The apartment complex has a community space on the second floor for the residents to congregate. Social activities are also planned.

“And we invite people, whether it’s a cooking program or bringing in a musician to play some music — that helps people get to know each other and develop those friendships that become so important,” he said.

Since most of the residents are actively involved in day programs or employment, Jerrick and his team are working on a schedule for social activities to begin in the evenings. On a recent weekend residents went out bowling and they will attend a concert Sept. 10.

Myriad benefits

Lavender Field is the second partnership between Favarh and Regan Development, following Bear Woods in Canton, which opened in 2021 with space for nearly 20 young adults.

“There’s so many benefits of a setup like this: staff efficiencies, the larger peer group integration, the greater independence, realization of smart technology, the extra accessibility features, all of these things are possible because we can work with the developer from the design bar, instead of coming in after the apartment,” is built, Morris said.

“Something like this hasn’t been done before. Supportive housing has been around for a long time for people who are low income or ex-offenders; they have lots of programs that are important,” Morris said. “But it’s never been paired up for people with intellectual developmental disabilities before. So this is the second of two. And then there are six more in the works throughout the state, and hopefully more on the way.”

Lavender Field resident Ann Marie Goehring recently retired after 27 years of working in Stop & Shop in Simsbury, and on a recent day at the complex, was excited to be meeting with her former manager, ordering in from Bloomfield Village Pizza and playing Yahtzee that evening.
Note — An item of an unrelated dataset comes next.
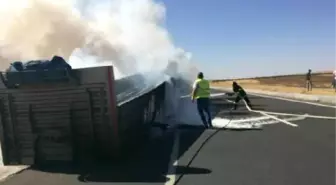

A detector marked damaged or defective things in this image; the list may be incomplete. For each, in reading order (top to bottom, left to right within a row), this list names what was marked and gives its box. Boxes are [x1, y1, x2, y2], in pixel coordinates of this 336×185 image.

overturned truck trailer [0, 66, 167, 165]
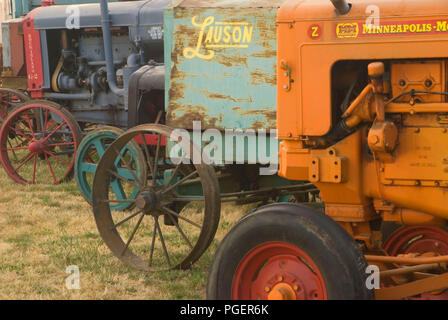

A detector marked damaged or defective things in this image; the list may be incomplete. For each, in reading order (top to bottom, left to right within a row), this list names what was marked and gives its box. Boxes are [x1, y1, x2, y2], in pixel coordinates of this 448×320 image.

About her favorite part of her apartment, Goehring said: “No stairs. It’s my rheumatoid arthritis.”

Mayor Danielle Wong said she also pleased about welcoming the new residents from Lavender Field Apartments into the community.

“Bloomfield is in the midst of a wonderful housing boom, so I think Lavender Field is great,” she said. “Bloomfield is a diverse and welcoming community, and a part of that is ensuring we have spaces for everyone to live.”